Sorry for the lack of photos of this part; we were too busy trying to figure out how to cope with the situation to take any at the time.  Barry has threatened to ride back up there to take some, so stay tuned!

So, I turned back and started walking my bike through property that appeared to have a side cut-through to the beach.  We had already gotten by the doggie trouble spots we'd encountered heading north, so I figured if I could just get to the beach, it would be mostly smooth sailing getting back home.  About this time, a dog from the house whose yard I was trying to cut through saw me and starting barking loudly and running around the yard.  Crap!  I guess just about everyone in Belize who lives in a private home has a large watch dog to dissuade would-be thieves.  I felt pretty helpless, but the dog never actually came after me, and no screaming homeowners appeared, thank goodness.  I have to say my heart was racing.  Just what else could go wrong?

This:  Barry came rolling up beside me, none too happy since he'd had to turn around and come back through the putrid water once he realized I was not going to attempt it.  He showed me that he'd gotten a rather long scratch on his leg when a piece of metal wire in the nasty pondwater wrapped around his wheel, then slapped him on the leg.  He needed to hightail it back to the condo to get it cleaned and some antibiotic ointment on it, so he took off down the beach at top speed to tend to it, and I rode as fast as I could behind him, but he was out of sight almost immediately.

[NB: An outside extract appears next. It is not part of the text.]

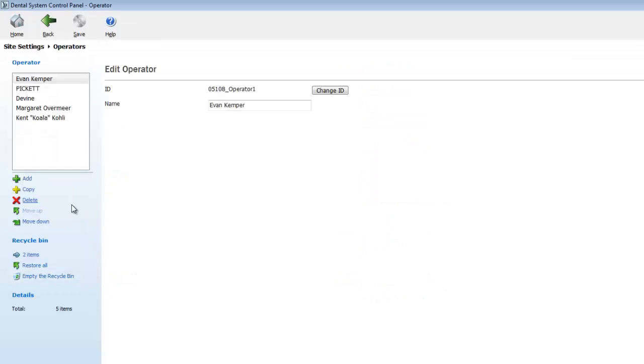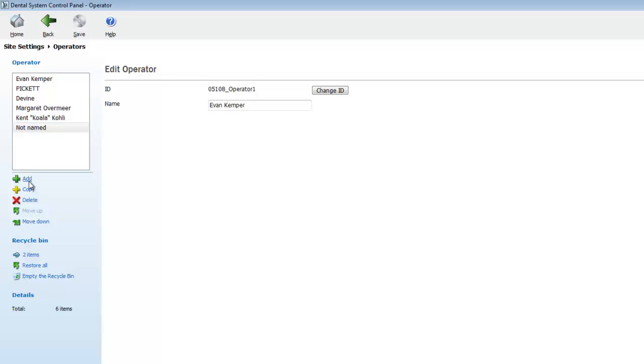This will bring up a window with a list of operators. If we look down below that list, we'll see a plus sign that says add. Click on the add button and it will create a new operator. Next, we highlight the text and delete it. Now we can type in our operator name.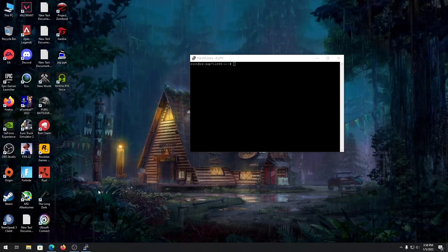What's up guys, Benishmux here back again with another video. Happy holidays to everyone. In this video I'm going to show you guys how you can make a fully working FiveM open server on a Linux VPS.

Fortunately, the scratch wasn't too deep, so hopefully all that will be required is the ointment and the large bandage we put on it and it doesn't become infected.  I don't think we'll be riding the far north route again until dry season.  What a fiasco!

This afternoon was much calmer but very wet.  Normally when it rains here, a shower or squall passes over quickly and the sun soon makes another appearance, but this time a tremendous storm blew up with much wind and sideways rain, and bands of rain and strong breezes continued to move in all afternoon.  We never saw the sun after mid-morning, and it actually got quite cool by mid-afternoon, by Belizean standards.  The outside temp hit a low of 73.5, which was the coolest since we've been here (even overnight), and with the wind and rain, it actually felt a bit chilly!  We hope that tomorrow will bring a nicer day, but after all the rain today, the road into town is sure to be full of puddles.  Ah, rainy season in Belize!
Picture
 
Picture
Ugh.  Don't you hate it when you write a whole lot of whatever, be it an email or a blog post, hit a key, and it goes "poof"?  Well, that just happened to me.  It's my own fault as I should have been saving all along.  Weebly does not do this automatically, and it's something I am prone to forget when I get on a roll.  I was simply removing a caption for a photo, hit the backspace key, and back I went to the previous page, with all the work I'd done on today's blog entry gone. I tried everything, but it's just gone.  I guess I should start composing these entries in a separate file that autosaves the text, so at least I wouldn't lose that part.  I'll do that from now on, but for today's entry, I'll be brief.  I just don't have it in me to rewrite the entire posting.  
Picture
Barry installed this magnetic doorstop to keep our front door from SLAMMING shut when the breeze is blowing through. Thanks to our Grand Caribe neighbor Kyle for this useful gift!
Picture
We had our windowsills tiled today by the good folks at Grand Caribe -- this will prevent the paint getting gouged when the windows are removed for washing. Plus it looks good too!
I rearranged the living area furniture today.  Now we have an even better view of the sea, which is rightly the focal point of the room.  Here's the old arrangement:
Picture
Too much space in the middle of the floor...
Here's the new arrangement:
Picture
Better view -- though my photography doesn't really show it!
Picture
And now for something completely different...
Picture
A delicious veggie pizza we made for dinner -- Barry's crust was amazing!